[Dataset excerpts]
::::::::
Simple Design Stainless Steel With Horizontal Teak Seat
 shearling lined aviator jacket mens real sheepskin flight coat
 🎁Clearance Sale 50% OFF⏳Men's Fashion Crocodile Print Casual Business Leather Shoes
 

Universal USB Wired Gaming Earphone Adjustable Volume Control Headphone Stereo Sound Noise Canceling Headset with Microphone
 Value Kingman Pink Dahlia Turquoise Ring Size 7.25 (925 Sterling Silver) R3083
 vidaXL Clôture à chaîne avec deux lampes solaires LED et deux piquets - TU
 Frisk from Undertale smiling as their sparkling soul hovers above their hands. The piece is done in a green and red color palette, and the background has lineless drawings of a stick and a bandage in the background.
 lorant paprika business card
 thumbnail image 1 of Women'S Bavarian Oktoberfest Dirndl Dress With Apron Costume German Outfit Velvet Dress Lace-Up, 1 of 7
::::::::
[Instructions to follow]:
Once the line with "Value Kingman Pink" is found, write out that line and every one after it through the last line of the records, exactly and with nothing else.

[The completed task]:
 Value Kingman Pink Dahlia Turquoise Ring Size 7.25 (925 Sterling Silver) R3083
 vidaXL Clôture à chaîne avec deux lampes solaires LED et deux piquets - TU
 Frisk from Undertale smiling as their sparkling soul hovers above their hands. The piece is done in a green and red color palette, and the background has lineless drawings of a stick and a bandage in the background.
 lorant paprika business card
 thumbnail image 1 of Women'S Bavarian Oktoberfest Dirndl Dress With Apron Costume German Outfit Velvet Dress Lace-Up, 1 of 7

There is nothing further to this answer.